Bruce Prichard recently talked about the passing of Don West on his Something To Wrestle With podcast. 

West, 59, lost his battle with lymphoma and passed away. West worked with fellow announcers Mike Tenay and Borash for many years in TNA Wrestling. Here is what Prichard had to say: 

“Don worked in TNA and did color commentary there, but what Don really did was, Don was the guy behind, in many ways, making TNA money, making TNA profitable because Don did all of their merchandising and Don was able to put together packages.”

“When I first went to TNA and I went to a live event and I heard Don and Jeremy Borash on the microphone, if you’ve ever seen a Charlie Brown special whenever Charlie’s in the teacher’s office and the teacher is talking, it sounds like, wa, wa, wa. I would compare Don and Jeremy to that teacher because they never stopped talking the entire show. If there wasn’t a match going on, you heard one of those two voices and they went from one to the other to where they blended in. But the beauty of it, as much as I hated it, was Don knew how to make money.”

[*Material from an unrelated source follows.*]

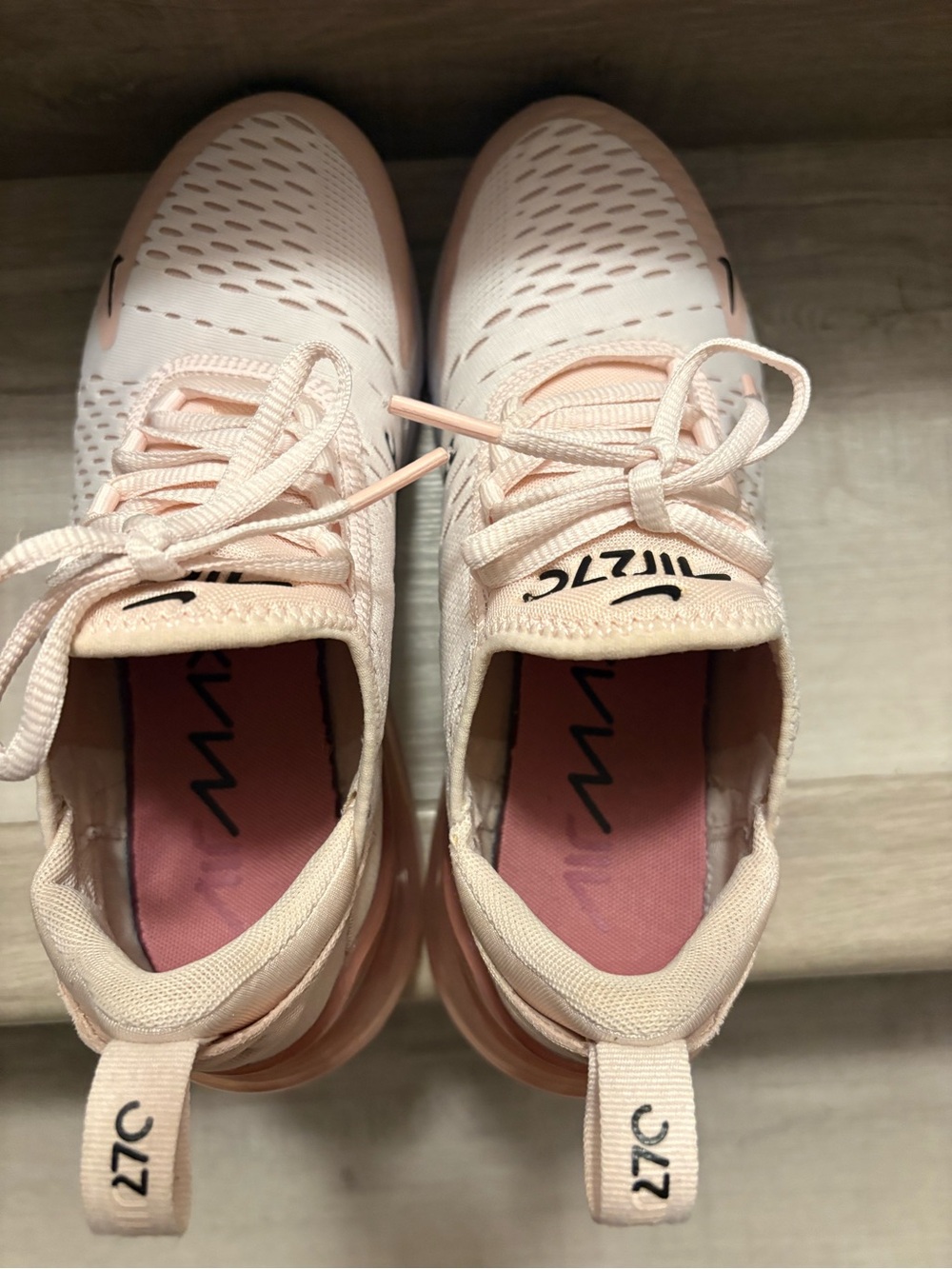 Nike Air Max 270 Soft Peach and Black Running Shoes - Picture 5 of 6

“I didn’t have a lot to do with Don at first and then as I started coming into the office and being around him, you talk about a genius and one of the most warm hearted, good guys for the right reasons, there was nothing phony about Don West. I hated it when people would say, ‘He’s just a phony shill.’ No man, There is nothing disingenuous about Don West. He worked as hard as the day was long. I don’t think you would find anybody that would say, oh that Don West was an a**hole. I don’t know one. He just was always there with a smile on his face. You never heard the word no out of him. He would figure out ways to make it happen. He would figure out ways to take it to the next level that nobody else had thought about, and just an absolute, absolute class act that I, very proud to have been able to spend time with him and get to know him, and unfortunately, I didn’t get to know him nearly as well as I wish I could have, but when I did, I learned an awful lot from him. In many ways, he taught me temperament, and that was a good thing. It’s something that I needed at that time in my life there at TNA. To his family, our condolences because we lost a great man and somebody that was near and dear in many people’s hearts.”